We are pleased that the Regulator is endeavouring
to secure from Railtrack far better information on the state of
the network. However Government show little sign of taking heed
of other recommendations. The two most important recommendations
made by the Committee related to Government acquiring more control
over the network, and secondly the effective management by Railtrack
over essential renewal and maintenance work. Little progress has
been made. The Committee has asked about the implications for
the Industry of the revised Strategic Rail Authority guidance.

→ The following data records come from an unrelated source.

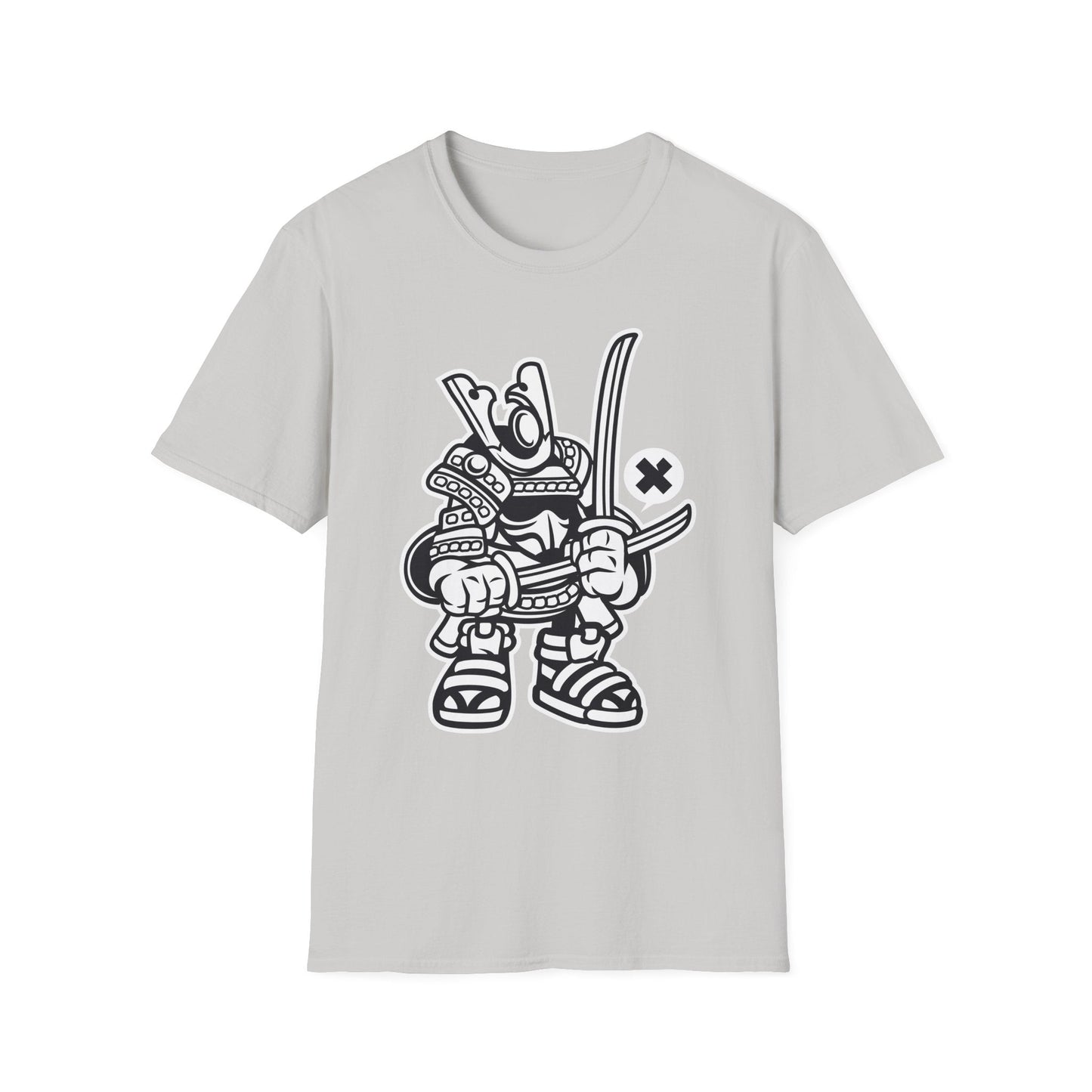 Cartoon T Shirt Unisex Animation Tee Funny Tee Gildan Softstyle 64000 100 Percent Cotton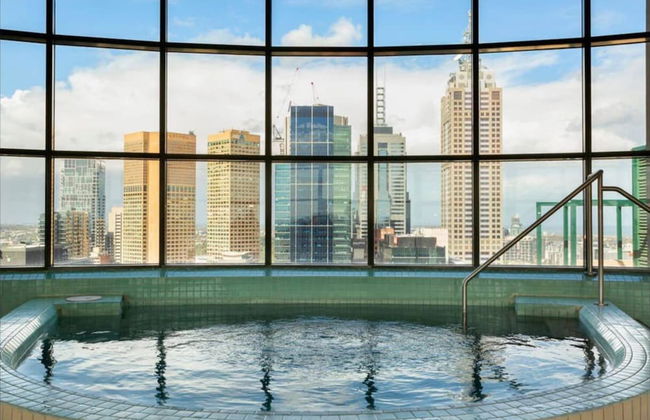 Spacious 3-bed Unit in Melbourne CBD w/ Pool & Gym - Foto 13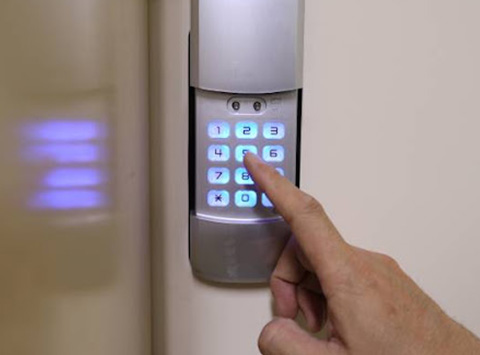 Electronic Keypad Lock 1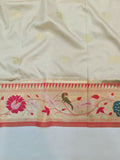 Shankari Paithani Dupatta - Golden Zari Weaving NB35 H
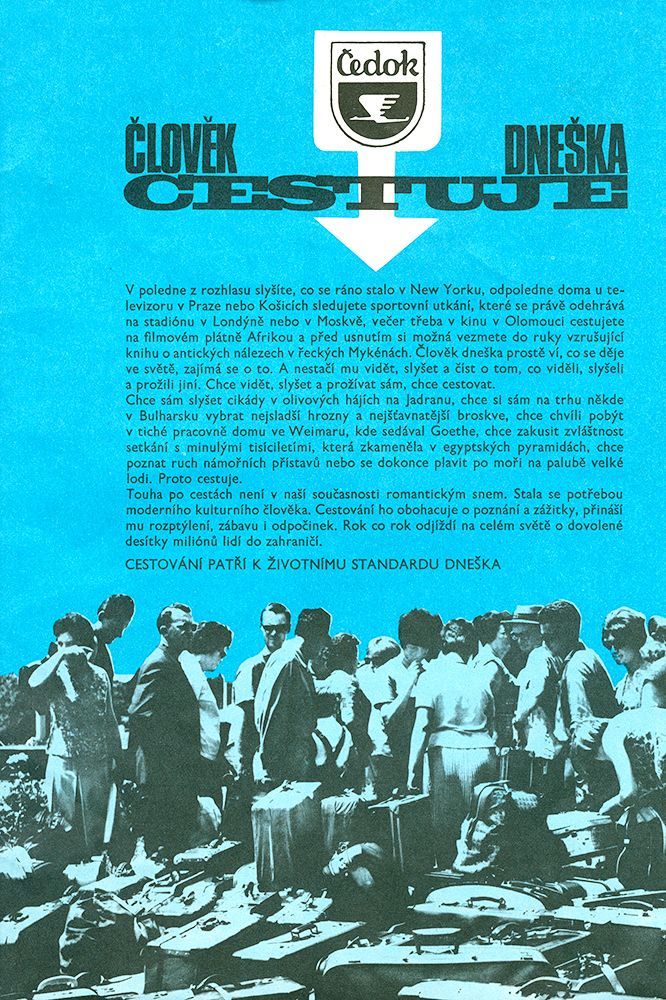 Jednorázové užití / Fotogalerie / Uplynulo 100 let od založení CK Čedok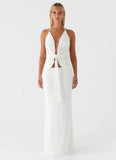 Undercover Maxi Dress White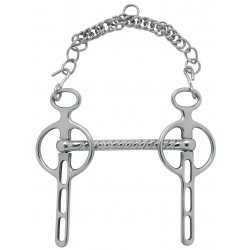 Mors Liverpool FEELING - Droit 1/2 torsadé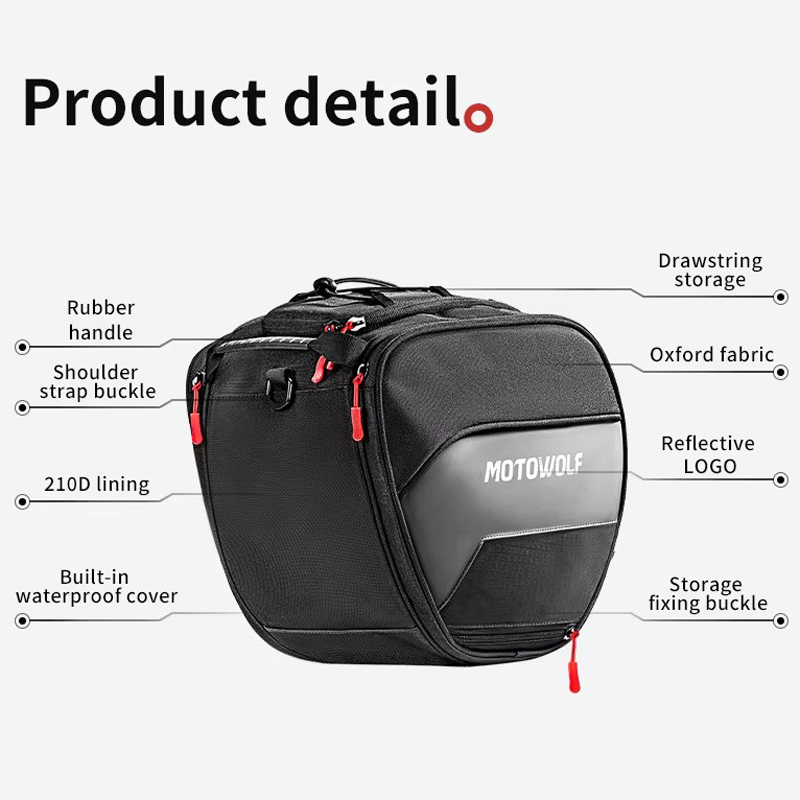 Torba na skuter, tunel, torba  – Travel Accessories New recenzja i cena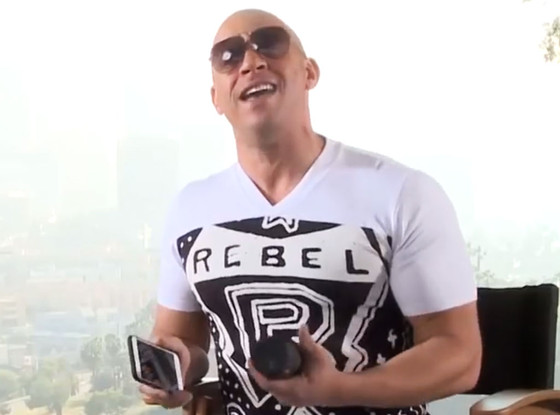 Vin Diesel le rindió un sentido tributo musical a Paul Walker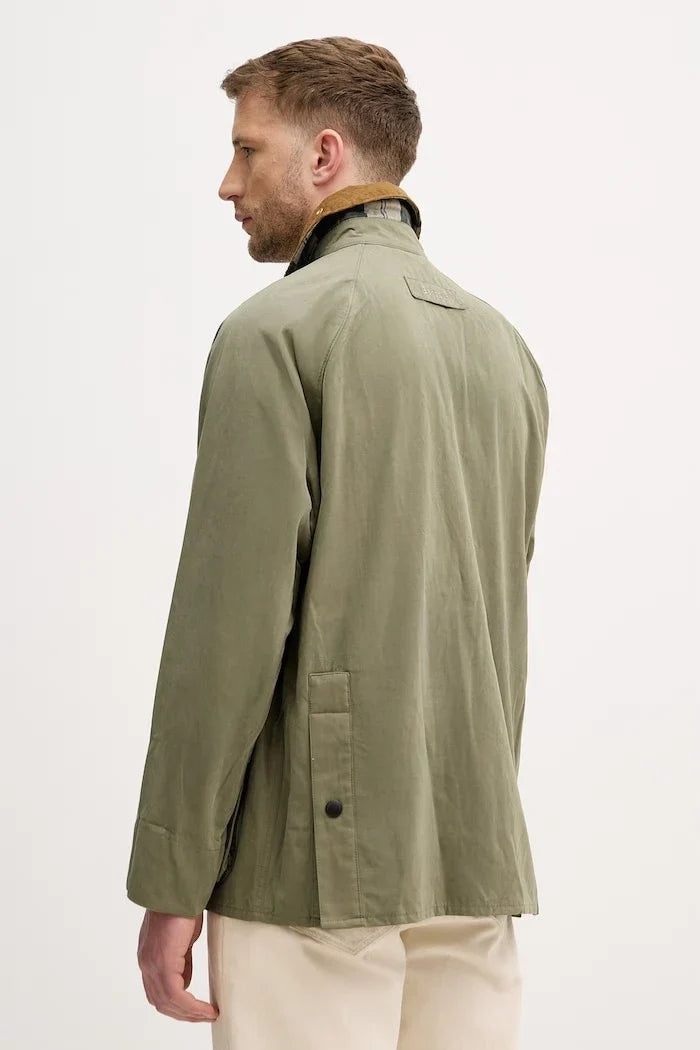 Chaqueta de entretiempo de algodón Barbour Bedale para hombre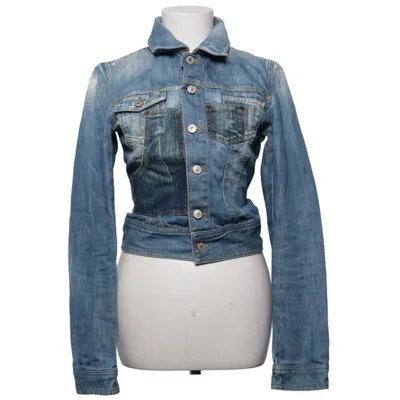 Denim jacket (Blue) from Fornarina Cotton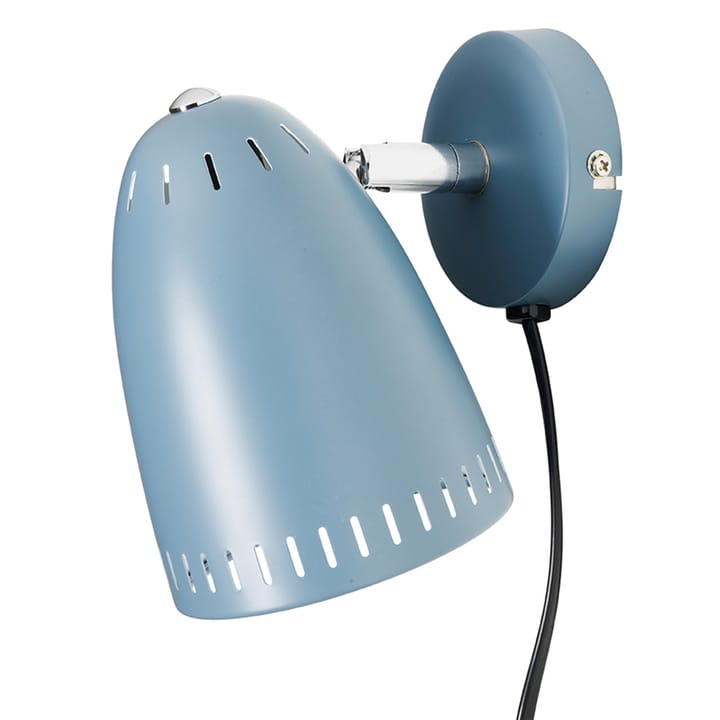 Dynamo wall lamp short arm - matte smoke blue (blue) - Superliving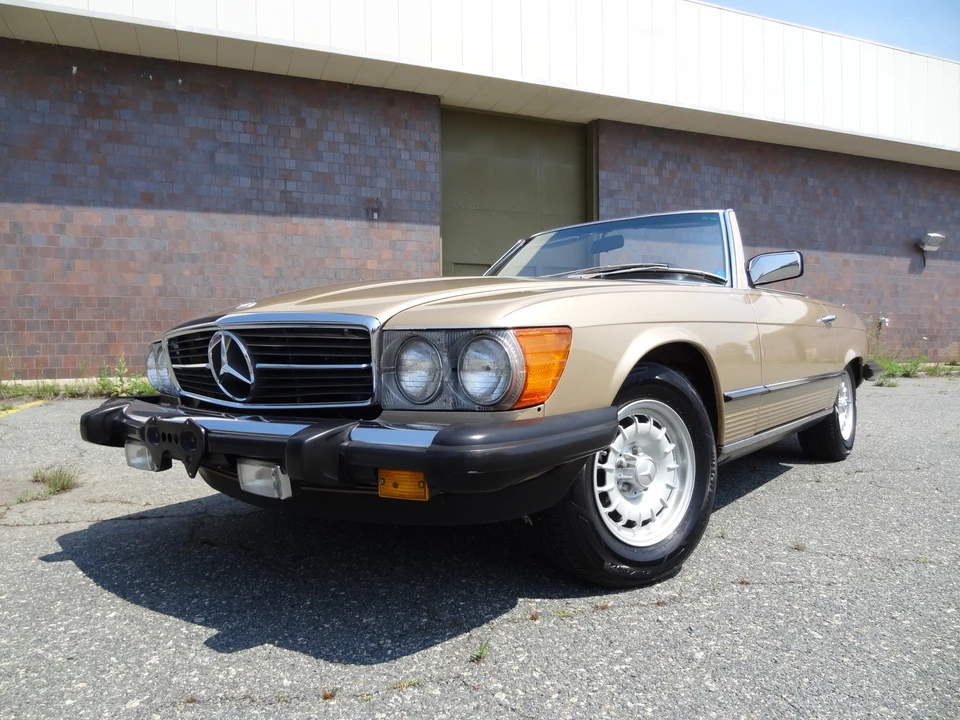 1985 Mercedes-Benz R107 SL-Class - Image 6 of 31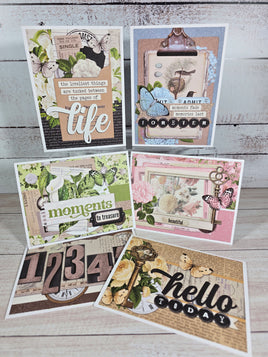 March 14, 2026 - Stamplistic A2 Cardswith Stamplistic - Crafters Classroom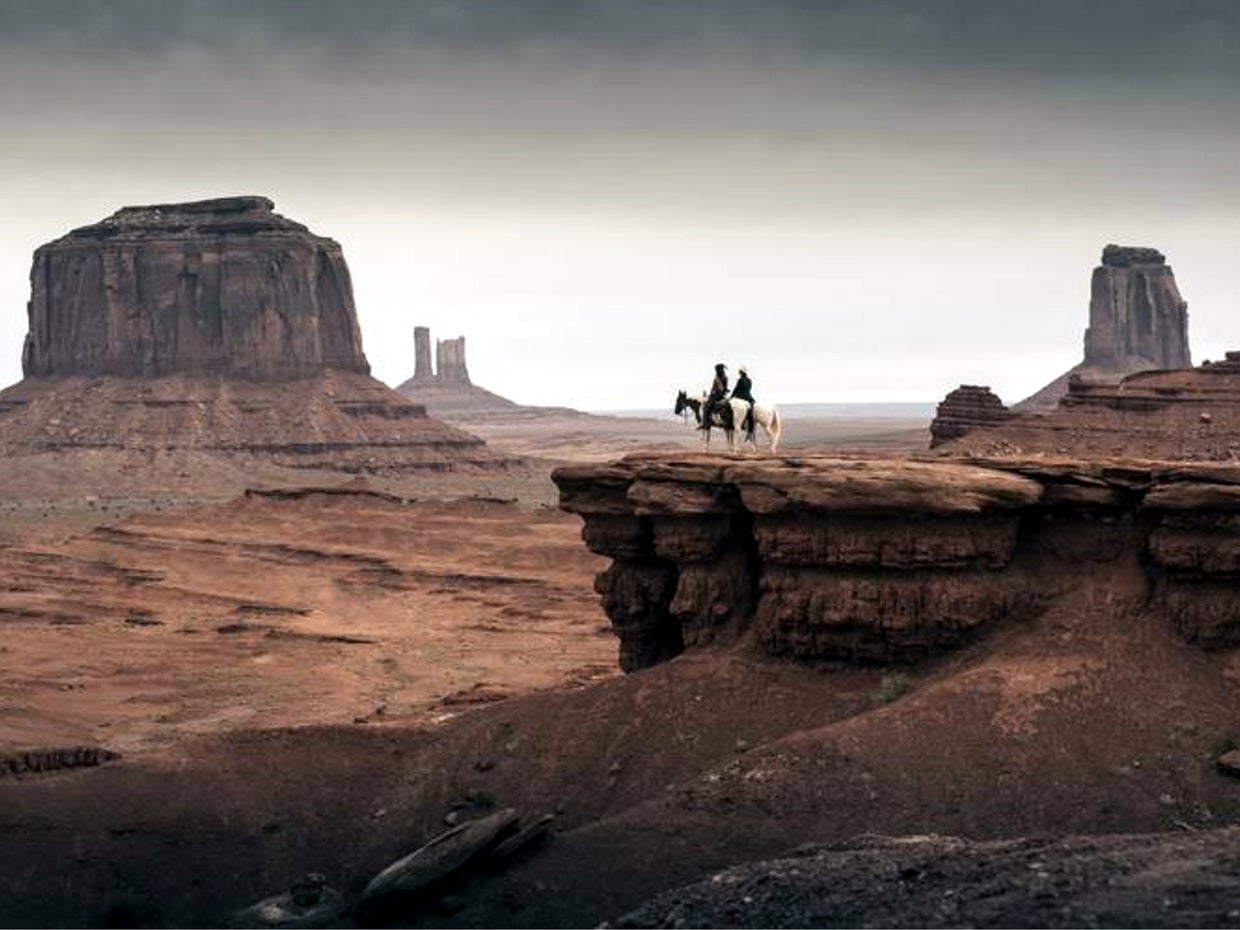 Monument Valley in the movies CBS News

The amendments proposed by the Government will unfortunately do
little to achieve the objectives as desired by the Committee following
its last investigation. We will refer to each of the objectives
now listed in the latest inquiry.
The committee has stated that it is seeking
rapid improvements in safety, punctuality, reliability, comfort
and frequency of services. These are all desirable objectives
but we believe are not all necessarily achievable given the current
state of the network.
It is of course acknowledged that the rail network
is suffering from decades of under investment and the situation
has further deteriorated following the poor stewardship of the
network since privatisation. RMT believe that significant improvements
in safety and reliability of services can only be achieved through
sustained long-term investment in the network. Indeed concentrating
too heavily upon running more services to tighter timetables is
not necessarily the right objective for the industry at the present
Investment to improve services in the long term
is the priority. Whilst disruptions to services should be kept
to a minimum RMT believe this may be inevitable if long-term network
benefits are to be secured. At the current time the existing network
is struggling to cope with even the existing number of services.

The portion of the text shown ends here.